Quelles sont les conséquences de la crise sanitaire et économique sur votre activité et sur la stratégie ? 

"L'impact immédiat de la crise liée au Covid a été l'annulation de certaines commandes de solutions Kyrion en raison du report de manifestations sportives comme le championnat de football de l'UEFA et les Jeux Olympiques. En matière de chiffre d'affaires, certains clients diffèreront leurs investissements au moins jusqu'au second semestre, en particulier ceux qui sont le plus exposés au recul des recettes publicitaires ou des revenus générés par les activités sportives. À l’inverse, l'essor de la consommation de vidéo à la demande par abonnement et la pression sur la capacité réseau donnent un coup d'accélérateur à de nombreux projets, débouchant sur un pipeline important d'opportunités. En parallèle, la situation actuelle occasionne la réduction des frais de déplacement et de nos coûts de marketing, ce qui doit nous permettre une économie de l'ordre de 2 M€ au titre de l'exercice 2020. Fondamentalement, nous ne nous ralentissons pas, nous continuons d’embaucher en R&D et notre solide socle de chiffre d'affaires récurrent mensuel nous confère une visibilité supplémentaire. Au global, malgré un 1er trimestre en décroissance de 9% par rapport au 1er trimestre 2019 qui avait été gonflé par un CA non récurrent lié à la revente de serveurs tiers, notre CA semestriel 2020 devrait être similaire à celui de 2019, soit 30 M€, avec un rattrapage attendu au 2e semestre qui pourra nous permettre d’être en croissance sur l’année 2020."

Votre marge opérationnelle a accusé le coup en 2018, ce qui a fait chuter le cours de Bourse de la société.

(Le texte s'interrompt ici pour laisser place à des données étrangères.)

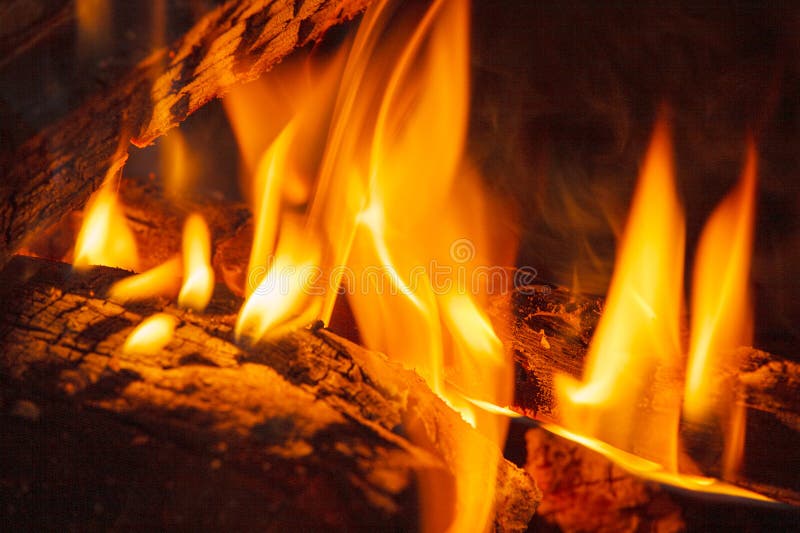 Logs burning in an outdoor campfire royalty free stock image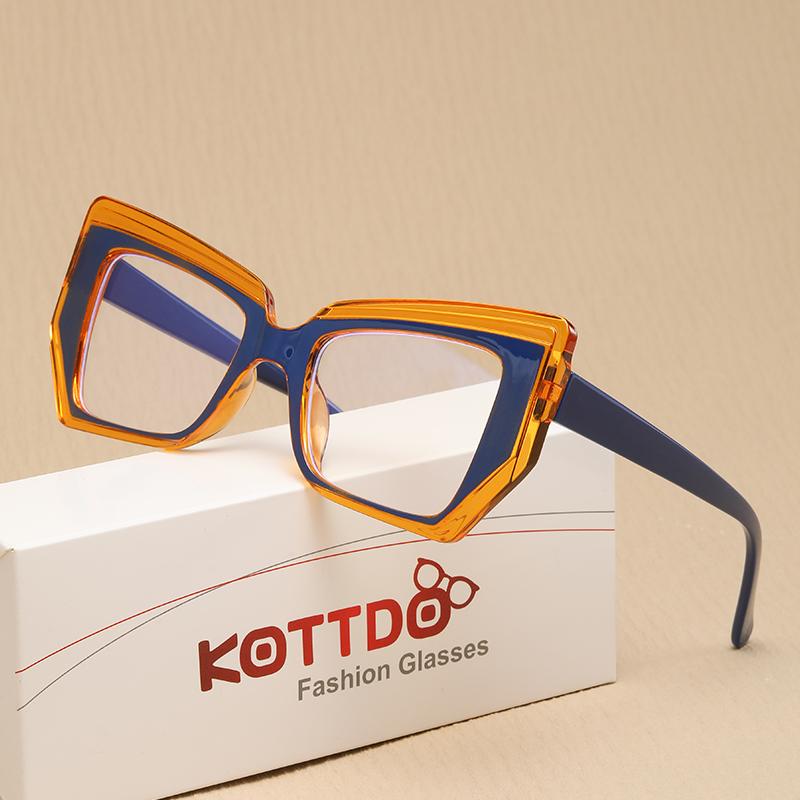 New Women Cat Eye Flat Mirror Polygonal Fashionable and Trendy Colored Glasses Anti Blue Light Decorative Eyeglass Frame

Depuis, la marge opérationnelle s’est redressée mais reste loin des 10% auxquels un acteur du logiciel peut prétendre ?

 "La marge brute du 1er semestre 2018 avait été pénalisée par une part importante de serveurs vendus, à plus faible marge, en parallèle du logiciel TITAN. Notre marge opérationnelle évolue en fonction de notre marge brute, qui progresse en même temps que le mix serveurs/logiciels s’améliore, et de notre capacité à maîtriser nos charges d’exploitation. Certes le taux de marge opérationnelle à deux chiffres est atteignable, mais ATEME privilégie la croissance et l’investissement dans les solutions d’avenir comme le play out et la TV personnalisée qui sont vecteurs des futures parts de marché et donc de la progression du résultat opérationnel. De plus en plus de groupes travaillent sur ces sujets. La tendance est à l’agrégation d’applications et à la création de contenus personnalisés, à la fois de la part des producteurs de contenus, par exemple en produisant un même épisode de série TV avec des formats à durées variables, et de la part des diffuseurs amenés à proposer des contenus et des publicités personnalisées." 

Il y a eu un certain nombre de mouvements dans votre industrie ces dernières années, pensez-vous que la tendance à la concentration va perdurer ?

"Notre secteur continuera de se concentrer comme il l’a fait ces dernières années. C’est en continuant de se démarquer par ses innovations, de séduire toujours plus de clients prestigieux, qu’ATEME attisera les meilleures convoitises."